**Task item:**
Give back the data in full. Leave nothing out.

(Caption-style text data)
* * * * * * *
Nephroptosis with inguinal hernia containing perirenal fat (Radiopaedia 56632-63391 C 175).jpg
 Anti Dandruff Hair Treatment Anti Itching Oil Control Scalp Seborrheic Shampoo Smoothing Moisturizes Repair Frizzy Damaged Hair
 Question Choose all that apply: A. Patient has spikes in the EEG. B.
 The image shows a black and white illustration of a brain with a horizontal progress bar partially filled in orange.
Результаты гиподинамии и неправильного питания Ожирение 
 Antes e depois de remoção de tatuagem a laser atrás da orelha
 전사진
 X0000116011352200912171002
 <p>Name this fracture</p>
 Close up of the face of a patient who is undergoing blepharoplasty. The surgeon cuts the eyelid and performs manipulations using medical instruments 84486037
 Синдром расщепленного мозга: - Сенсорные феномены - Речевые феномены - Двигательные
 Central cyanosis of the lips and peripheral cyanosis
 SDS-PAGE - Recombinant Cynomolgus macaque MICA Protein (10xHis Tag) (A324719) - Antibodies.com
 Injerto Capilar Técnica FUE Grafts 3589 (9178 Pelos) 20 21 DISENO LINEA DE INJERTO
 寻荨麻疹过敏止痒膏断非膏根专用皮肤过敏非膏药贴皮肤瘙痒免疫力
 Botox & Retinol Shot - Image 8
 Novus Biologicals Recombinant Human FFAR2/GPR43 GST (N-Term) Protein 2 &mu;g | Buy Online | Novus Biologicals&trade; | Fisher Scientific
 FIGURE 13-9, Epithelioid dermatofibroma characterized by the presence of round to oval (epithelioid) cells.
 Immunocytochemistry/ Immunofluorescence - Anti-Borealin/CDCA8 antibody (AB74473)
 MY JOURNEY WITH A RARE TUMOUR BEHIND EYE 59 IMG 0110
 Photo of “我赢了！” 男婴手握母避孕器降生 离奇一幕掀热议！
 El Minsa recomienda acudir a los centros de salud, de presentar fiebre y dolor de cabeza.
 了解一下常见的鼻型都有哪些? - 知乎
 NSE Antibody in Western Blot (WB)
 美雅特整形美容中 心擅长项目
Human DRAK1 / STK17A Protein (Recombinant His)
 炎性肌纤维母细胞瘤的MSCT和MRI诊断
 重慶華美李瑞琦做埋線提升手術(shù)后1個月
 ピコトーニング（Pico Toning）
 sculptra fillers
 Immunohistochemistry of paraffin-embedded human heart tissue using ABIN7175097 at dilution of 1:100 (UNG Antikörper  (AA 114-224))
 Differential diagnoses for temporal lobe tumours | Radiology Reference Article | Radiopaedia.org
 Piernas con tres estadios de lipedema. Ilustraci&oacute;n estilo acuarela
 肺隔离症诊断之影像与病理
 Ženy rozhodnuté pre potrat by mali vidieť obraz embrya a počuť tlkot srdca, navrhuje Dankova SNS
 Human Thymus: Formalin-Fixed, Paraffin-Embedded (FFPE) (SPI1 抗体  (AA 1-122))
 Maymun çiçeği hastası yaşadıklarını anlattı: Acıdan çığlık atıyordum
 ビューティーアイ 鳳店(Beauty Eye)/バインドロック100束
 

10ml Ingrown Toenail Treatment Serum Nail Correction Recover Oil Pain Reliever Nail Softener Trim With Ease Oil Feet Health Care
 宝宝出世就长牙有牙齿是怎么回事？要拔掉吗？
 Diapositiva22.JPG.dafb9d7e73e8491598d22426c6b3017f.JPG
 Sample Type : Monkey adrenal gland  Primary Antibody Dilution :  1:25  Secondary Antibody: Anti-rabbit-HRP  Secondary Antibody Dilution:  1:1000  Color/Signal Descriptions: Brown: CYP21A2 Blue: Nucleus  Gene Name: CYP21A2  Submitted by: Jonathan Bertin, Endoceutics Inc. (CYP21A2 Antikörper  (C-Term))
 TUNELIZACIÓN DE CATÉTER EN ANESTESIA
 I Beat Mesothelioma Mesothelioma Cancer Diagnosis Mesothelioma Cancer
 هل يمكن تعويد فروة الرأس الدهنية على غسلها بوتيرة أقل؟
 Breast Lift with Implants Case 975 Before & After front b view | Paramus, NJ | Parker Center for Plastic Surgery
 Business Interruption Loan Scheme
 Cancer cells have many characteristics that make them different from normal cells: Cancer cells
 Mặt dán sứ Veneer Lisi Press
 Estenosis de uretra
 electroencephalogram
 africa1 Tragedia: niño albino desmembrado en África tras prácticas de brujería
* * * * * * *
**Exercise output:**
Nephroptosis with inguinal hernia containing perirenal fat (Radiopaedia 56632-63391 C 175).jpg
 Anti Dandruff Hair Treatment Anti Itching Oil Control Scalp Seborrheic Shampoo Smoothing Moisturizes Repair Frizzy Damaged Hair
 Question Choose all that apply: A. Patient has spikes in the EEG. B.
 The image shows a black and white illustration of a brain with a horizontal progress bar partially filled in orange.
Результаты гиподинамии и неправильного питания Ожирение 
 Antes e depois de remoção de tatuagem a laser atrás da orelha
 전사진
 X0000116011352200912171002
 <p>Name this fracture</p>
 Close up of the face of a patient who is undergoing blepharoplasty. The surgeon cuts the eyelid and performs manipulations using medical instruments 84486037
 Синдром расщепленного мозга: - Сенсорные феномены - Речевые феномены - Двигательные
 Central cyanosis of the lips and peripheral cyanosis
 SDS-PAGE - Recombinant Cynomolgus macaque MICA Protein (10xHis Tag) (A324719) - Antibodies.com
 Injerto Capilar Técnica FUE Grafts 3589 (9178 Pelos) 20 21 DISENO LINEA DE INJERTO
 寻荨麻疹过敏止痒膏断非膏根专用皮肤过敏非膏药贴皮肤瘙痒免疫力
 Botox & Retinol Shot - Image 8
 Novus Biologicals Recombinant Human FFAR2/GPR43 GST (N-Term) Protein 2 &mu;g | Buy Online | Novus Biologicals&trade; | Fisher Scientific
 FIGURE 13-9, Epithelioid dermatofibroma characterized by the presence of round to oval (epithelioid) cells.
 Immunocytochemistry/ Immunofluorescence - Anti-Borealin/CDCA8 antibody (AB74473)
 MY JOURNEY WITH A RARE TUMOUR BEHIND EYE 59 IMG 0110
 Photo of “我赢了！” 男婴手握母避孕器降生 离奇一幕掀热议！
 El Minsa recomienda acudir a los centros de salud, de presentar fiebre y dolor de cabeza.
 了解一下常见的鼻型都有哪些? - 知乎
 NSE Antibody in Western Blot (WB)
 美雅特整形美容中 心擅长项目
Human DRAK1 / STK17A Protein (Recombinant His)
 炎性肌纤维母细胞瘤的MSCT和MRI诊断
 重慶華美李瑞琦做埋線提升手術(shù)后1個月
 ピコトーニング（Pico Toning）
 sculptra fillers
 Immunohistochemistry of paraffin-embedded human heart tissue using ABIN7175097 at dilution of 1:100 (UNG Antikörper  (AA 114-224))
 Differential diagnoses for temporal lobe tumours | Radiology Reference Article | Radiopaedia.org
 Piernas con tres estadios de lipedema. Ilustraci&oacute;n estilo acuarela
 肺隔离症诊断之影像与病理
 Ženy rozhodnuté pre potrat by mali vidieť obraz embrya a počuť tlkot srdca, navrhuje Dankova SNS
 Human Thymus: Formalin-Fixed, Paraffin-Embedded (FFPE) (SPI1 抗体  (AA 1-122))
 Maymun çiçeği hastası yaşadıklarını anlattı: Acıdan çığlık atıyordum
 ビューティーアイ 鳳店(Beauty Eye)/バインドロック100束
 

10ml Ingrown Toenail Treatment Serum Nail Correction Recover Oil Pain Reliever Nail Softener Trim With Ease Oil Feet Health Care
 宝宝出世就长牙有牙齿是怎么回事？要拔掉吗？
 Diapositiva22.JPG.dafb9d7e73e8491598d22426c6b3017f.JPG
 Sample Type : Monkey adrenal gland  Primary Antibody Dilution :  1:25  Secondary Antibody: Anti-rabbit-HRP  Secondary Antibody Dilution:  1:1000  Color/Signal Descriptions: Brown: CYP21A2 Blue: Nucleus  Gene Name: CYP21A2  Submitted by: Jonathan Bertin, Endoceutics Inc. (CYP21A2 Antikörper  (C-Term))
 TUNELIZACIÓN DE CATÉTER EN ANESTESIA
 I Beat Mesothelioma Mesothelioma Cancer Diagnosis Mesothelioma Cancer
 هل يمكن تعويد فروة الرأس الدهنية على غسلها بوتيرة أقل؟
 Breast Lift with Implants Case 975 Before & After front b view | Paramus, NJ | Parker Center for Plastic Surgery
 Business Interruption Loan Scheme
 Cancer cells have many characteristics that make them different from normal cells: Cancer cells
 Mặt dán sứ Veneer Lisi Press
 Estenosis de uretra
 electroencephalogram
 africa1 Tragedia: niño albino desmembrado en África tras prácticas de brujería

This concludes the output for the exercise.